These sources may treat empathy as a mystical psychic power, teach methods of energy reading and healing, or encourage communicating with spirits. As followers of Jesus, our calling is never to tap into psychic forces or manipulate supernatural energies, but to rely humbly on the Holy Spirit.
1 Timothy 4:1 warns, “In later times some will abandon the faith and follow deceiving spirits and things taught by demons.” Christians embracing empath mythology may gradually open themselves up to deception. While we should have empathy for New Age adherents just like anyone else who needs Christ, we must not let unbiblical worldviews distort the exercise of godly empathy.

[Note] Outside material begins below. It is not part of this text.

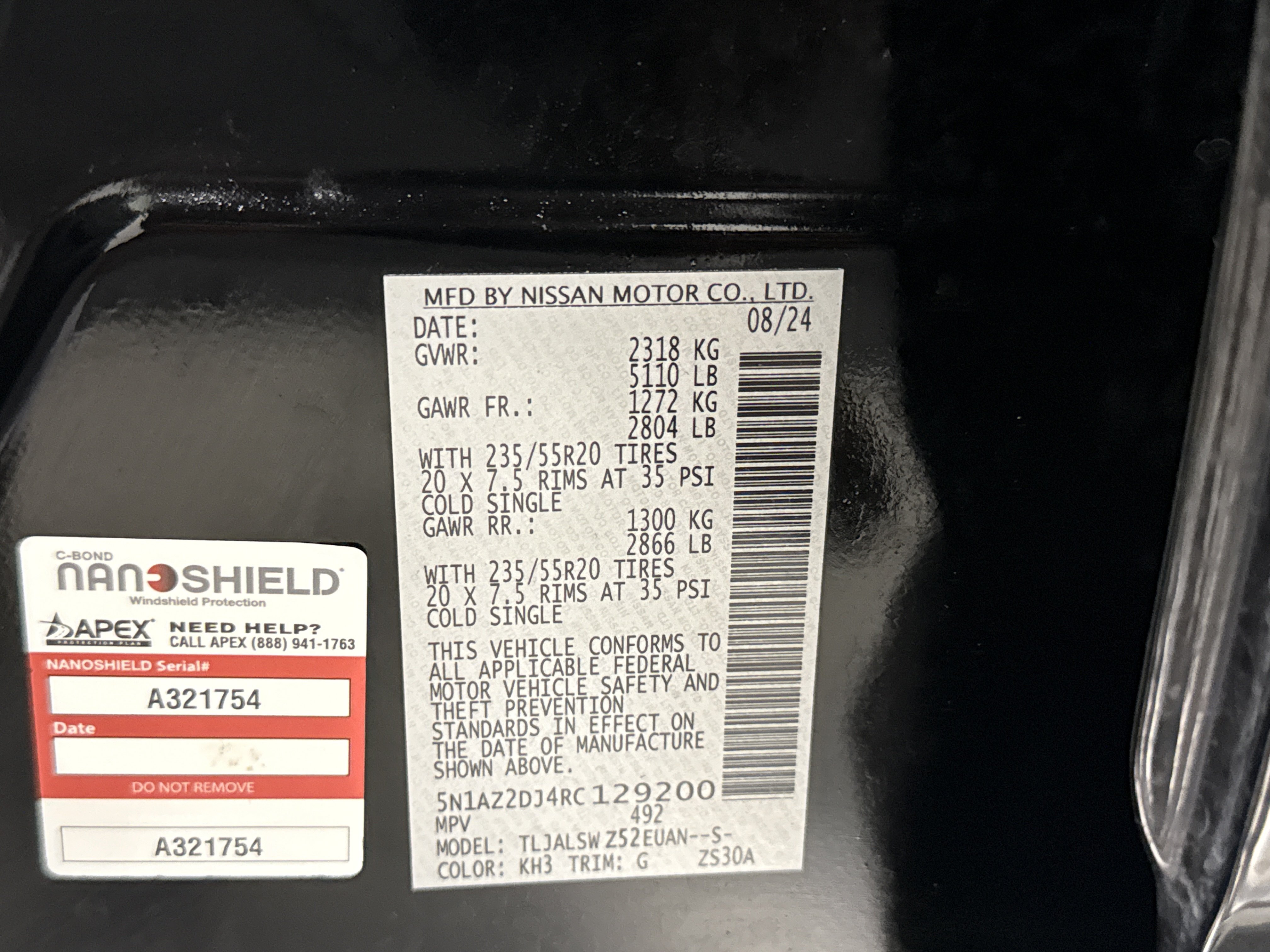 Used 2024 Nissan Murano Platinum w/ Cargo Package FWD image 28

Conclusion: Show Christlike Compassion
The Bible commends empathy, compassion, and bearing one another’s burdens as virtues. However, Scripture also warns against mystical or occult practices that claim supernatural power but oppose God’s Word.
Rather than seeking special spiritual energies or ecstatic experiences, Christians are called to compassion, prayer, service, sharing the Gospel, and tangible acts of love. As we grow in Christlike empathy, our focus should be outward on others – not inward or downward in unhealthy spiritual dynamics.
While the notion of supernatural empaths may appeal to our culture’s appetite for the mystical, a humble willingness to enter into others’ sufferings provides the most powerful testimony of Christ’s love. Let us seek to understand and comfort each other as faithful members of the body of Christ.